Sunstein's focus is on national (particularly US) politics, but his argument seems equally applicable to the scientific community, which has embraced the idea of consumer sovereignty with almost unqualified enthusiasm. Alerting services allow readers to be notified whenever a paper appears on a given topic, from a given author, or that cites a particular paper. These recommendation services will become more sophisticated in future, as they start to incorporate user profiles and statistical comparisons with other users (“People who read paper A also read papers B, C and D”). Meanwhile, institutional site licenses and standardized formats for reference linking will remove the arbitrary barriers between journals, making it easy to move from any given paper to those that cite or are cited by it.

These changes can hardly fail to alter people's reading habits, as the 'browsing impulse' is forced to compete for mental energy with an ever-increasing volume of specialized yet highly relevant information, a scientific version of the 'Daily Me'. This will lead to two effects. First, there will be a loss of serendipity; readers will be less likely to be exposed to topics that they did not plan to read about. Second, there will be a loss of shared experience. If researchers read mainly what they have selected for themselves, the chances that two people from even slightly different fields will have read the same papers will be reduced.

This is exactly the scenario Sunstein warns us of, and the political analogy can be pushed even further. The traditional system of science communication resembles a deliberative democracy, in which journal editors serve roughly the same function as elected representatives. (Editors are 'elected' in the sense that their influence depends on their journal's reputation in the eyes of contributors and readers.) In contrast, a system based on citation data and usage statistics is more akin to direct democracy, government by referendum.
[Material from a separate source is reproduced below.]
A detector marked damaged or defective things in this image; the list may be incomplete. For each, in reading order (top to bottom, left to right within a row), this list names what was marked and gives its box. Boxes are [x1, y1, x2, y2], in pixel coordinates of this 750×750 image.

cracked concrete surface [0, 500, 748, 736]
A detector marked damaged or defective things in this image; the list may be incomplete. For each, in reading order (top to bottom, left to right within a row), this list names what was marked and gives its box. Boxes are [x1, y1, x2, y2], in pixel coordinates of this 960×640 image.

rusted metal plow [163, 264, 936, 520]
The classic argument against the latter system is the danger of 'tyranny of the majority', and in any numerical method for identifying papers of interest, it seems inevitable that small disciplines will be swamped by bigger ones: as (say) Rhode Island is to California, so is psychophysics to molecular biology.

What does this mean in concrete terms? Several dangers can be identified: wide reading is often a stimulus to creativity, and fewer serendipitous encounters with papers from other disciplines may mean fewer good ideas. A lack of exposure to a broad range of papers will also have a ripple effect on other forms of scientific communication; who, for example, will invite psychophysicists to speak at departmental colloquia, or support their funding applications, or vote to hire them as colleagues, if nobody knows what they are doing? Moreover, if the importance of science as news is diminished, then so too will be the sense of community that arises from sharing it; simply put, if researchers are not reading the same papers, they will find less to talk about.

Less tangible, but perhaps no less important, are the possible long-term effects on how the scientific community sees itself. Science has been compared to a republic; lacking any central authority, the research enterprise is self-governing through the links between its members. These links exist because an expert in one area knows enough to evaluate the validity and significance of work in adjacent areas, and by extrapolation, s/he assumes that experts in those areas have similar competences that lead further afield. Through the resulting network of trust, neurophysiologists are willing to accept claims in fields ranging from paleontology to particle physics, even if they could not begin to evaluate those claims for themselves. This network of trust, however, is only as strong as the links that it comprises, and if these are weakened through increasing specialization, it seems inevitable that researchers will eventually cease to perceive themselves as part of a unified community.